Un traître idéal

Film : Un traître idéal (2015)

Réalisateur : Susanna White

Acteurs : Ewan McGregor (Perry Makepeace), Stellan Skarsgård (Dima), Damian Lewis (Hector), Naomie Harris (Gail Perkins)

Durée : 01:48:00


Avez-vous déjà visité un jet de luxe dans un salon international ? Vous savez le genre d’avion que chacun rêve de s’offrir, que tout le monde peut visiter librement… mais qui reste fixé au sol dans un hangar. Eh bien le dernier thriller britannique Un traître idéal est de ces oiseaux-là : casting de luxe (Ewan McGregor, Damian Lewis), photographie hallucinante avec des jeux de reflets partout, des plans magnifiques… sauf que l’histoire ne décolle jamais !

Voilà une adaptation assez médiocre de l’avant-dernier roman de John Le Carré, Our Kind of Traitor  (2013). Le spécialiste britannique de l’espionnage avait pourtant façonné une histoire subtile dont la réalisatrice Susanna White (Jane Eyre, 2006, TV) n’a visiblement pas su tirer toute la sève. On attend donc avec impatience le prochain Jason Bourne prévu cet été ! Côté histoire justement, il y avait beaucoup à espérer de la rencontre improbable d’un couple de vacanciers anglais à Marrakech, Perry et Gaïl, avec un haut dignitaire de la mafia russe en danger (Stellan Skarsgård). Embobiné dans un imbroglio invraisemblable, le couple McGregor-Naomie Harris se retrouve à protéger la famille d’un mafieux soucieux d’obtenir une protection du MI6 en l’échange de renseignements sur les personnalités publiques britanniques, élus et banquiers, tirant profit de l’argent sale dans la City de Londres.

Le traître n’est decidement pas celui auquel on pense

Cet alléchant programme est mal ficelé. McGregor et sa compagne adhèrent beaucoup trop vite à ce projet très douteux. On est loin de la performance exceptionnelle du comédien touriste Owen Wilson dans une situation tragique similaire (No Limit, 2015). Damian Lewis, le spécialiste par excellence de la trahison (Homeland, TV), pressenti pour endosser le futur costume de James Bond, est sous-exploité en subalterne du MI6. Le film est marqué par une sorte d’arythmie décevante alors que le sujet est explosif. Susanna White n’a pas réussi à mettre ses talents esthétiques au service de l’idée principale portée par John Le Carré : une idée très politique.

Celle qui évoque la corruption des élites politiques et administratives des principaux pays occidentaux, ainsi que le blanchiment international de l'argent sale. Le Carré fait part du cynisme des pays riches qui, en toute connaissance de cause, profitent de cet argent sale sans s'en émouvoir, celui par exemple de la cocaïne afghane ou des armes du Soudan.

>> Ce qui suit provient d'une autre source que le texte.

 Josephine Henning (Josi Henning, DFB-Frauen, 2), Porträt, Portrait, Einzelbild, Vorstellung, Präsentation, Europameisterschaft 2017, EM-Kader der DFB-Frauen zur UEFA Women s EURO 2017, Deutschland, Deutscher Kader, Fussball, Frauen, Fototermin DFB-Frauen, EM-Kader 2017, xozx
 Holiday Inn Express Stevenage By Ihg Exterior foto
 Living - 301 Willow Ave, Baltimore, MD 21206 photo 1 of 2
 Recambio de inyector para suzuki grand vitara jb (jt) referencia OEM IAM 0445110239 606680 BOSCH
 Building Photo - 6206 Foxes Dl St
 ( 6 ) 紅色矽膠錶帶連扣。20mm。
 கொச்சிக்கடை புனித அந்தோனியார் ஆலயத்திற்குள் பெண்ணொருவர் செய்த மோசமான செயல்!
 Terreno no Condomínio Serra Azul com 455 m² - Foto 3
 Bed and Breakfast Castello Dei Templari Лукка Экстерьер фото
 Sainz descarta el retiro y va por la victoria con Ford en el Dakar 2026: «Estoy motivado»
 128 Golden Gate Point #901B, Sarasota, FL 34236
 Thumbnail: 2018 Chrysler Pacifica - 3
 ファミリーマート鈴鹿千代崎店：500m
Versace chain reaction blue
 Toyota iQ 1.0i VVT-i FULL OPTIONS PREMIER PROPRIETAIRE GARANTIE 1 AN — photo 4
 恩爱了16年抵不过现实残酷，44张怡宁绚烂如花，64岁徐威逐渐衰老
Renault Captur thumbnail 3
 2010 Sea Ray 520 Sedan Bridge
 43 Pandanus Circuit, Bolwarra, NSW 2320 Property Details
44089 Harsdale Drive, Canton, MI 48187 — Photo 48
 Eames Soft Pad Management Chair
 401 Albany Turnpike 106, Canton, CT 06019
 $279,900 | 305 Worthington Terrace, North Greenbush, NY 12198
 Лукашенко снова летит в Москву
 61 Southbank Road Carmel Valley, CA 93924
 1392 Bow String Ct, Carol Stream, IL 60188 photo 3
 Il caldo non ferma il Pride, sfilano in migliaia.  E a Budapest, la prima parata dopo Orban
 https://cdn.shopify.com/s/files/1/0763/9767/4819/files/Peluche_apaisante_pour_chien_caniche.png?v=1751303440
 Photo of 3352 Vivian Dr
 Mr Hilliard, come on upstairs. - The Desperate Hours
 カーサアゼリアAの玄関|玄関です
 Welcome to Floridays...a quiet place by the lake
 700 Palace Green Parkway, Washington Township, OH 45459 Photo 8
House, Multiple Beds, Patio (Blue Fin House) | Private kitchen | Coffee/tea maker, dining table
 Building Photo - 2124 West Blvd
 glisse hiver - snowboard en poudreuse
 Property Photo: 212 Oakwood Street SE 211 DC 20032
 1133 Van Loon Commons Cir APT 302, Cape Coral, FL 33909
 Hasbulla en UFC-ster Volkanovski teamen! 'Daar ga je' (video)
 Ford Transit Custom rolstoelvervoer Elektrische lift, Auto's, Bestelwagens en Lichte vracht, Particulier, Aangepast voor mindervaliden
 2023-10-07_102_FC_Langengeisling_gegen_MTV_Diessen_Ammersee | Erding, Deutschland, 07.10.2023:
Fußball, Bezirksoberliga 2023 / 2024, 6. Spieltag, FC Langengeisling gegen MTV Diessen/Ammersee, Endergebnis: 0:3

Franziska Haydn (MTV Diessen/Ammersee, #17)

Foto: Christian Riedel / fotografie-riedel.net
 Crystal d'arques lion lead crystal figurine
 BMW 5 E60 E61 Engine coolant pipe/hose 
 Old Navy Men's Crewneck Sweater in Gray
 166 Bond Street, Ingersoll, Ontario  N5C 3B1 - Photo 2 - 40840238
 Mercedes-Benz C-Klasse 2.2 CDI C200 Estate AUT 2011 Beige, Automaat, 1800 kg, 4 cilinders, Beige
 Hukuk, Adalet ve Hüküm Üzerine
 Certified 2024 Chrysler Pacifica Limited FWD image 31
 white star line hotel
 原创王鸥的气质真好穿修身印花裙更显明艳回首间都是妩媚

Le film est fidèle à la source : il montre la City de Londres comme l'un des grands centres mondiaux de recyclage de l'argent sale, avec la complicité passive, si ce n'est active, des hommes politiques de tous bords. « Mieux vaut que le blanchiment se fasse chez nous plutôt qu'ailleurs » semble être la devise du Royaume-Uni selon l'auteur. Susanna White est allée dans ce sens : elle a filmé Hector (Damian Lewis) comme un agent intègre se trouvant en butte à l'opposition de sa hiérarchie au moment de révéler des secrets inavouables. Cependant on aurait aimé que le message de Le Carré ressorte mieux : le traître n’est pas seulement celui que l’on voit, un repenti de la mafia russe violent et ivrogne, le traître est aussi chacun de ceux qui le couvrent, en col blanc, dans les arcanes de la City. Malheureusement, la portée politique du sujet et ses potentialités paranoïaques non négligeables ne prennent jamais leur envol. Le titre anglais en laissait présager davantage : Our Kind Of Traitor (litt. : Notre genre de traître).